As security and crypto guru Bruce Schneier put it back in 2005, “A lot of people are trying to say that it’s a different world today, and that eavesdropping on a massive scale is not covered under the FISA [Foreign Intelligence Surveillance Act] statute, because it just wasn’t possible or anticipated back then. That’s a lie. Project SHAMROCK began in the 1950s and ran for about 20 years. It too had a massive program to eavesdrop on all international telegram communications, including communications to and from American citizens. It too was to counter a terrorist threat inside the United States. It too was secret and illegal. It is exactly, by name, the sort of program that the FISA process was supposed to get under control.”
One thing that is different about today’s leaks is the relative lack of official outrage from top members of Congress. Consider Senator Church’s amazing remarks from 1975, for instance, as noted by NSA historian and investigator James Bamford in a 2005 article. “That capability at any time could be turned around on the American people,” Church said. “And no American would have any privacy left, such is the capability to monitor everything: telephone conversations, telegrams, it doesn’t matter. There would be no place to hide… I know the capacity that is there to make tyranny total in America, and we must see to it that this agency and all agencies that possess this technology operate within the law and under proper supervision, so that we never cross over that abyss. That is the abyss from which there is no return.”
That lack of such strident outrage is due in part to reforms spurred by the Church Committee. The NSA is also overseen (somewhat) more effectively by Congress, and the agency’s programs have a much stronger veneer of legality thanks to court rulings, Department of Justice opinions, and legislation.
But none of that has stemmed worldwide anger and discussion about the NSA programs revealed recently by leaker Edward Snowden. And that’s in part because the world has changed since 1975; the communications of much of the world now pass through US corporate servers on a daily basis thanks to the rise of Internet firms like Google, Facebook, and Twitter. What was once mainly a “US issue” is today a worldwide one, affecting hundreds of millions of people. And the scope is different too. As amazing as SHAMROCK was for its time, it’s dwarfed by current collection programs. And today’s computer analysis means that it’s actually feasible to scan billions of items for keywords and phrases and signature in a way no human team could ever do.

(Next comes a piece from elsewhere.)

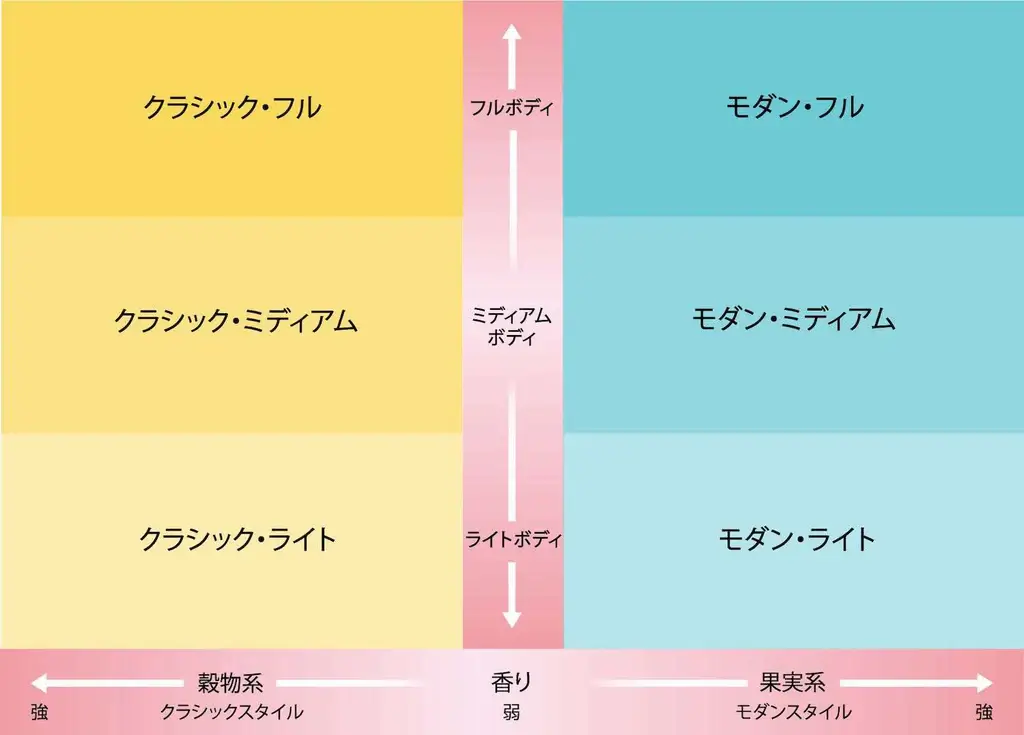 日本酒マトリックス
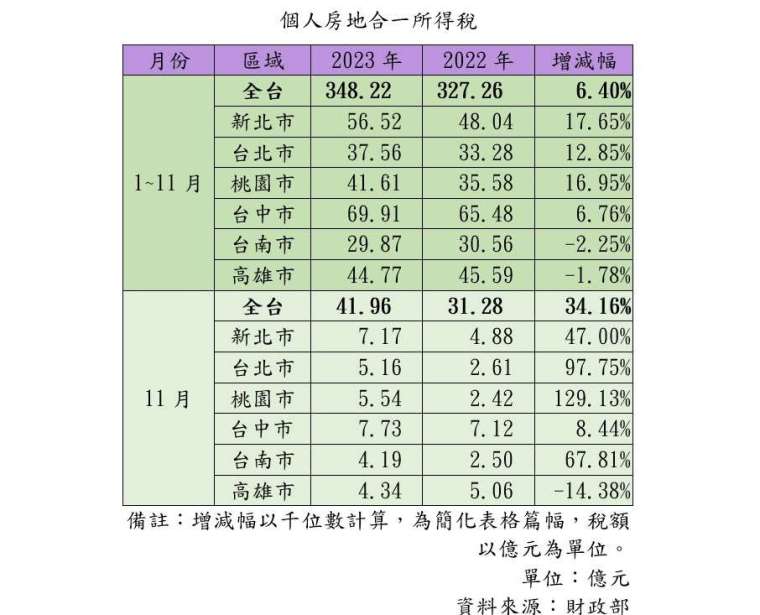 新聞圖片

In the near future, we’re unlikely to see a renewed Church Committee over US intelligence operations, but perhaps the public scrutiny alone will bring changes. One lasting legacy of establishing Congressional oversight and bringing abuses to light in 1975 was reform. As Snider notes at the end of his reminiscence, oversight and exposure of potentially illegal behavior was ultimately good for the NSA and for the US.
“With no desire to undergo another such experience, NSA adopted very stringent rules in the wake of the Church Committee to ensure that its operations were carried out in accordance with applicable law,” Snider wrote. “Where the communications of US citizens were concerned, I can attest from my personal experience that NSA has been especially scrupulous. As upsetting and demoralizing as the Church Committee’s investigation undoubtedly was, it caused NSA to institute a system which keeps it within the bounds of US law and focused on its essential mission. Twenty-three years later, I still take some satisfaction from that.”
But changes never last forever. Two years after Snider wrote that, the NSA would start up Stellar Wind, its presidentially authorized post-9/11 warrantless surveillance program. It raised many of the same concerns as the warrantless SHAMROCK intercepts had in 1975.